Credit: Nature Communications (2023). DOI: 10.1038/s41467-023-42892-1

A team of astronomers from Instituto de Astrofísica de Andalucía, CSIC, Glorieta de la Astronomía, and Universitat Politécnica de Catalunya has captured spectroscopy data from a mesospheric green ghost for the first time.

In their paper published in the journal Nature Communications, the group describes their years-long effort to capture data that would explain the nature of atmospheric green ghosts and how they finally managed to achieve their goal. The editors at Nature have also published a Research Highlight synopsis of the work done by the team.

Prior research has shown that during some thunderstorms, atmospheric phenomena known as sprites appear above normal types of lightning. Prior research has also shown that sprites are electric discharges, typically displayed as red-orange flashes in various shapes, which means that they are technically another type of lightning. They are known in the science community as transient luminous events (TLE).

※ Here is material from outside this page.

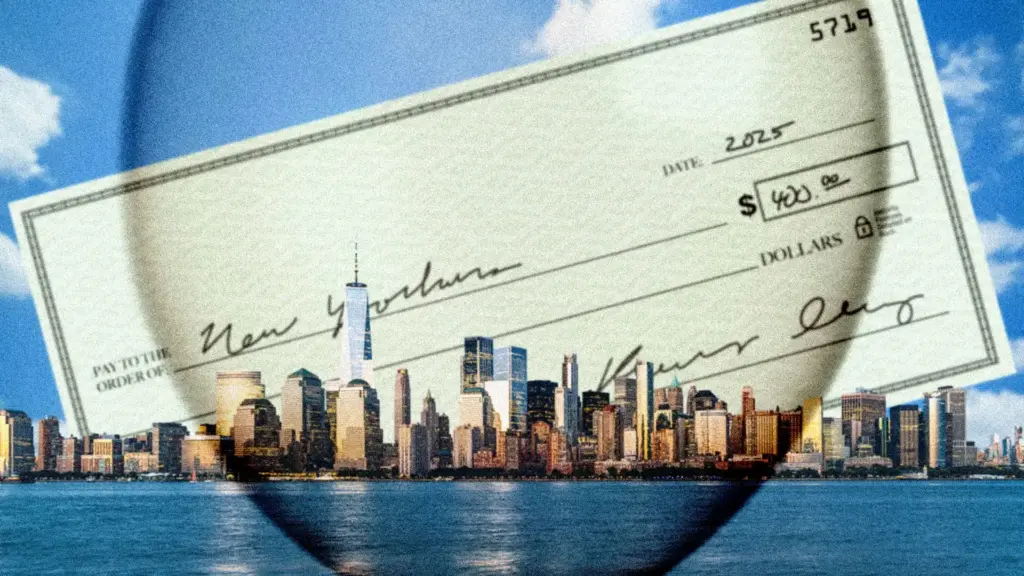 New York Inflation Refund Checks 2025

In 2019, a citizen scientist named Hank Schyma, while video recording a TLE, found he had also recorded a greenish glow on top of a TLE. He posted his video on YouTube, where it caught the attention of professional skywatchers. Since that time, both amateur and professional videographers have managed to capture the “green ghosts,” as they have come to be known. Many had been captured on video prior to Schyma’s posting but had not been identified as something new.

After speculation in the scientific community, the consensus was that the green ghosts were likely nothing more than excited oxygen atoms. Unconvinced, the members of the team in this new study set out to capture spectroscopic data from a green ghost, which would show what materials in the atmosphere contributed to its creation.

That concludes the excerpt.